Yousouf-ben-Taschfin, soumit toute l'Afrique, depuis l'Océan jusqu'à Tunis, et réduisit presque à rien la puissance des Zéirites. Appelé en Espagne, comme nous l'avons dit, il battit les Chrétiens, soumit tous les petits princes Arabes, et rétablit ainsi l'unité de commandement chez les Musulmans de la Péninsule. Il mourut à l'âge de cent ans, après un règne long et glorieux, dans le cours duquel il ne prononça pas une seule condamnation à mort. Sa famille n'était pas destinée à une aussi longue série de prospérités. Sous le règne de son fils Aly, parut le fameux Mohammed-ben-Abdallah, fondateur de la puissance des Almohades. C'était un réformateur passionné des abus politiques et religieux. On le méprisa dans le commencement, mais on ne tarda pas à le craindre ; obligé de s'éloigner de Maroc, il se réfugia à Tinmal, dans les montagnes de l'Atlas, et souleva les Kbaïles. Il prit alors le titre de Mahiddin, ou directeur de la religion, dont nous avons fait Almohades, selon notre habitude de dénaturer tous les noms arabes.
El-Mahiddin étendit ses conquêtes dans tout le pays montueux, et eut pour successeur Abdel-Moumen, son disciple chéri. Celui-ci porta les derniers coups à la puissance des Almoravides. Il battit complètement, près de Tlemcen, Taschfin, fils et successeur d'Aly, qui chercha un refuge dans Oran. Ce prince voulut de là passer en Espagne, où son pouvoir était encore reconnu, mais en se rendant, la nuit, d'Oran à Mers-el-Kébir, par un chemin dangereux, son cheval, effrayé du bruit des vagues, se précipita du haut d'un rocher, et il périt dans cette chute. ( Ce chemin est toujours aussi mauvais, mais on construit dans ce moment une fort belle route d'Oran à Mers-El-Kébir. )
Après la défaite et la mort de Taschfin, Abdel-Moumen s'étendit comme un torrent sur toute la Barbarie, et mit fin en 1148 à l'empire des Zéirites, qui avaient perdu une grande partie de leurs domaines, mais qui régnaient encore à Kairouan. Il s'empara aussi de toute l'Espagne musulmane, de sorte que son empire s'étendit depuis la Cyrénaïque jusqu'au Tage.

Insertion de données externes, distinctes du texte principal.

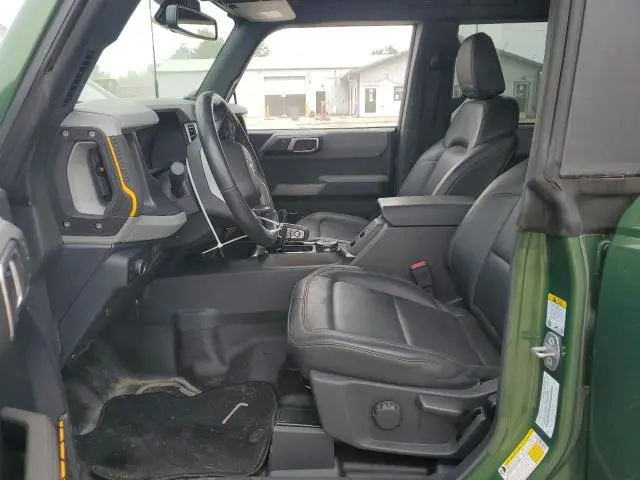 2022 FORD BRONCO BASE  
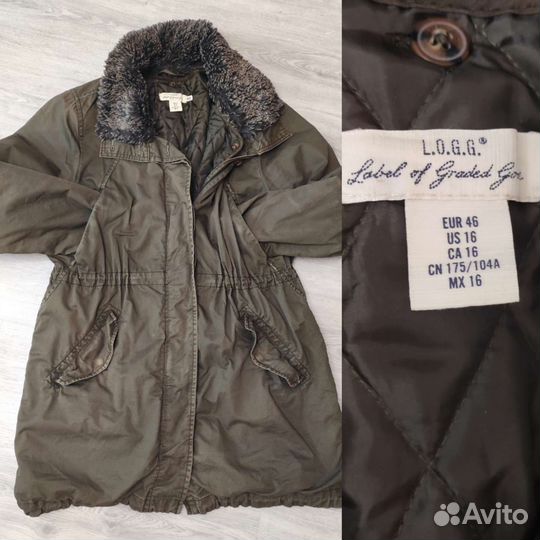 Брендовые женские вещи пакетом 48-50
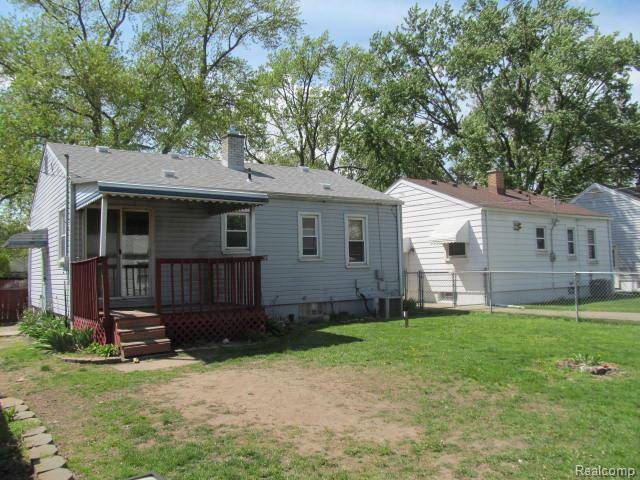20008 Negaunee, Redford Charter Township, MI 48240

Le triomphe des Almohades fut celui des Kbaïles sur les Arabes. Ces nouveaux vainqueurs se montrèrent moins généreux que leurs devanciers, et leur joug pesa assez rudement sur l'Espagne. C'est de cette époque que date cette teinte de férocité que l'on remarque dans la politique des gouvernements barbaresques. Cependant Abdel-Moumen avait introduit dans le sien quelques formes que nous appellerons constitutionnelles, ne pouvant trouver d'autres expressions. Un sénat à peu près indépendant, y traitait de toutes les affaires qui intéressaient directement la nation. Abdel-Moumen eut pour successeur, dans son vaste empire, son fils Yousouf, puis son petit-fils Yacoub. Ce dernier gagna contre les Chrétiens d'Espagne la fameuse bataille d'Alarcos, mais son fils Mohamoud, qui lui succéda, perdit celle non moins célèbre de Las Navas de Tolosa. Il alla cacher sa honte dans son harem de Maroc, d'où il ne sortit plus. Son fils Yousouf, jeune enfant ; ne ? t que paraître sur le trône, et sous son règne, l'empire se fractionna de nouveau. Les Arabes secouèrent presque partout le joug des Almohades, à qui il ne resta bientôt plus que Maroc, qui leur fut enlevé, en 1370, par la famille des Beni-Merin.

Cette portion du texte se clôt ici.